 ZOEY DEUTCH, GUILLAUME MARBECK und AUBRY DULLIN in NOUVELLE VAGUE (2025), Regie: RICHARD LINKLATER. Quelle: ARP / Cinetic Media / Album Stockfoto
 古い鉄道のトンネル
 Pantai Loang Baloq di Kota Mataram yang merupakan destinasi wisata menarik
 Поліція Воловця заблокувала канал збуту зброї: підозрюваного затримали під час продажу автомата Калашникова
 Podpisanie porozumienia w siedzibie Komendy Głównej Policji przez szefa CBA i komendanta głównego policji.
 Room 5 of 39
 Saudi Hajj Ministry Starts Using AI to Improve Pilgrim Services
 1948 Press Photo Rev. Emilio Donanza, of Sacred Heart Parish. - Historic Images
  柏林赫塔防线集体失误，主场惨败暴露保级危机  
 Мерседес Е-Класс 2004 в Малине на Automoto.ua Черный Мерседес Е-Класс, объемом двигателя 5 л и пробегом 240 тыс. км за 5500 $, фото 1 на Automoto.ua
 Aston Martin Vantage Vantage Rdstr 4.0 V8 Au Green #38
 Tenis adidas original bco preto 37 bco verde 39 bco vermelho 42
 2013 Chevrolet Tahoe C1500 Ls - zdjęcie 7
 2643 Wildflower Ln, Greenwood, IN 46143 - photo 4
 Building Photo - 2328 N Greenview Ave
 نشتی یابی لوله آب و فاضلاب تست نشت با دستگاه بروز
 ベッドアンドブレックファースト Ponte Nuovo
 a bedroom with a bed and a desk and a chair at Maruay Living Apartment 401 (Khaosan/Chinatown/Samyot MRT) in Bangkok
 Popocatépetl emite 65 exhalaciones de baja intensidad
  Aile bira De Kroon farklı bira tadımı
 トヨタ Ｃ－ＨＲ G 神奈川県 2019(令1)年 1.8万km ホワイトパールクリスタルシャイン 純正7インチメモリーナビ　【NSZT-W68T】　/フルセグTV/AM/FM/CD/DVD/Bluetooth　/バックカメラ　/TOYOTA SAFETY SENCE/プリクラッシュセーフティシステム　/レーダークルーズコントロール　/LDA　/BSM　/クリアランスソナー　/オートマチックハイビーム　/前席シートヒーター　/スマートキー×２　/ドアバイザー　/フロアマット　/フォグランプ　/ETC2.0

========

## Your assignment:
Repeat the entries exactly, all of them.

## Result:
 ZOEY DEUTCH, GUILLAUME MARBECK und AUBRY DULLIN in NOUVELLE VAGUE (2025), Regie: RICHARD LINKLATER. Quelle: ARP / Cinetic Media / Album Stockfoto
 古い鉄道のトンネル
 Pantai Loang Baloq di Kota Mataram yang merupakan destinasi wisata menarik
 Поліція Воловця заблокувала канал збуту зброї: підозрюваного затримали під час продажу автомата Калашникова
 Podpisanie porozumienia w siedzibie Komendy Głównej Policji przez szefa CBA i komendanta głównego policji.
 Room 5 of 39
 Saudi Hajj Ministry Starts Using AI to Improve Pilgrim Services
 1948 Press Photo Rev. Emilio Donanza, of Sacred Heart Parish. - Historic Images
  柏林赫塔防线集体失误，主场惨败暴露保级危机  
 Мерседес Е-Класс 2004 в Малине на Automoto.ua Черный Мерседес Е-Класс, объемом двигателя 5 л и пробегом 240 тыс. км за 5500 $, фото 1 на Automoto.ua
 Aston Martin Vantage Vantage Rdstr 4.0 V8 Au Green #38
 Tenis adidas original bco preto 37 bco verde 39 bco vermelho 42
 2013 Chevrolet Tahoe C1500 Ls - zdjęcie 7
 2643 Wildflower Ln, Greenwood, IN 46143 - photo 4
 Building Photo - 2328 N Greenview Ave
 نشتی یابی لوله آب و فاضلاب تست نشت با دستگاه بروز
 ベッドアンドブレックファースト Ponte Nuovo
 a bedroom with a bed and a desk and a chair at Maruay Living Apartment 401 (Khaosan/Chinatown/Samyot MRT) in Bangkok
 Popocatépetl emite 65 exhalaciones de baja intensidad
  Aile bira De Kroon farklı bira tadımı
 トヨタ Ｃ－ＨＲ G 神奈川県 2019(令1)年 1.8万km ホワイトパールクリスタルシャイン 純正7インチメモリーナビ　【NSZT-W68T】　/フルセグTV/AM/FM/CD/DVD/Bluetooth　/バックカメラ　/TOYOTA SAFETY SENCE/プリクラッシュセーフティシステム　/レーダークルーズコントロール　/LDA　/BSM　/クリアランスソナー　/オートマチックハイビーム　/前席シートヒーター　/スマートキー×２　/ドアバイザー　/フロアマット　/フォグランプ　/ETC2.0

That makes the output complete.